__Your instructions__
The answer is an exact repeat of the entries below, with the pictures omitted.

__Material for the task__
*** Begin section ***
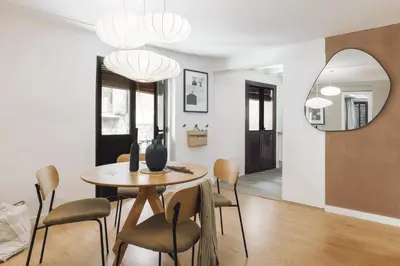 a bedroom with a large bed and a window at Acatenango - 2 bedrooms in El Born in Barcelona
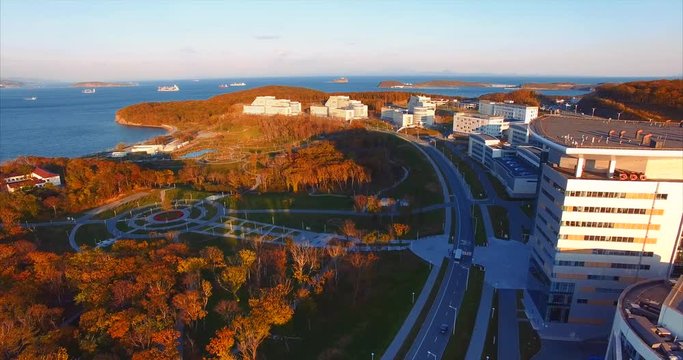 Modern university in the Russian Far East. Russian Far Eastern Federal University campus, park and bay with pier. Near the Vladivostok. Aerial view.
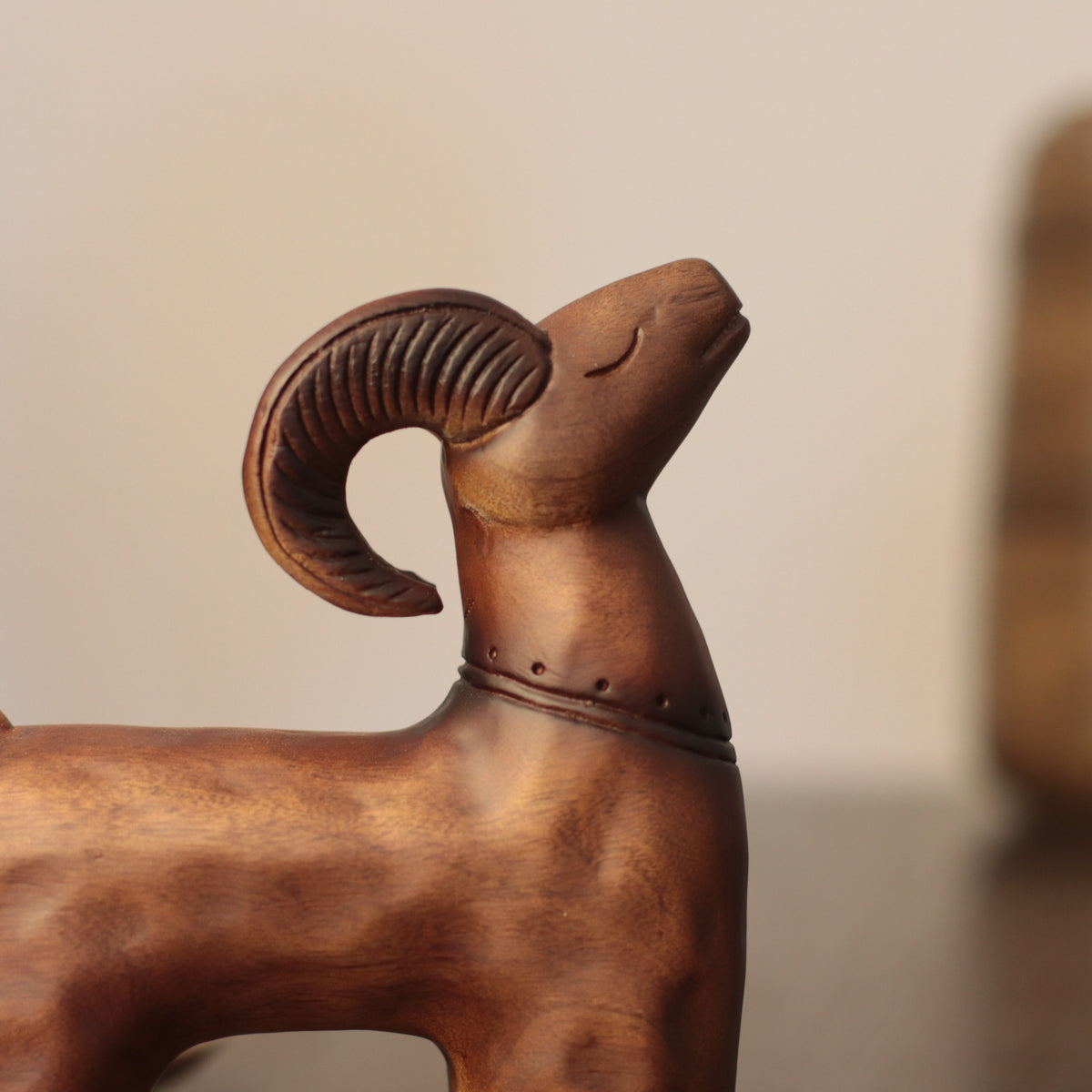 A close-up of a carved wooden ram figurine with curved horns, shown against a softly blurred beige background.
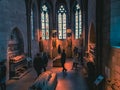 People exploring the Gothic Chapel at the Met Museum. Royalty Free Stock Photo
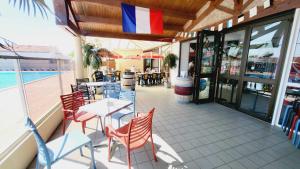 a restaurant with a table and chairs on a patio at Le Costa Gloria - Sud Nantes Camping de la Prairie in Saint-Hilaire-de-Riez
*** End section ***
__Answer to the exercise__
 a bedroom with a large bed and a window at Acatenango - 2 bedrooms in El Born in Barcelona
 Modern university in the Russian Far East. Russian Far Eastern Federal University campus, park and bay with pier. Near the Vladivostok. Aerial view.
 A close-up of a carved wooden ram figurine with curved horns, shown against a softly blurred beige background.
 People exploring the Gothic Chapel at the Met Museum. Royalty Free Stock Photo
 a restaurant with a table and chairs on a patio at Le Costa Gloria - Sud Nantes Camping de la Prairie in Saint-Hilaire-de-Riez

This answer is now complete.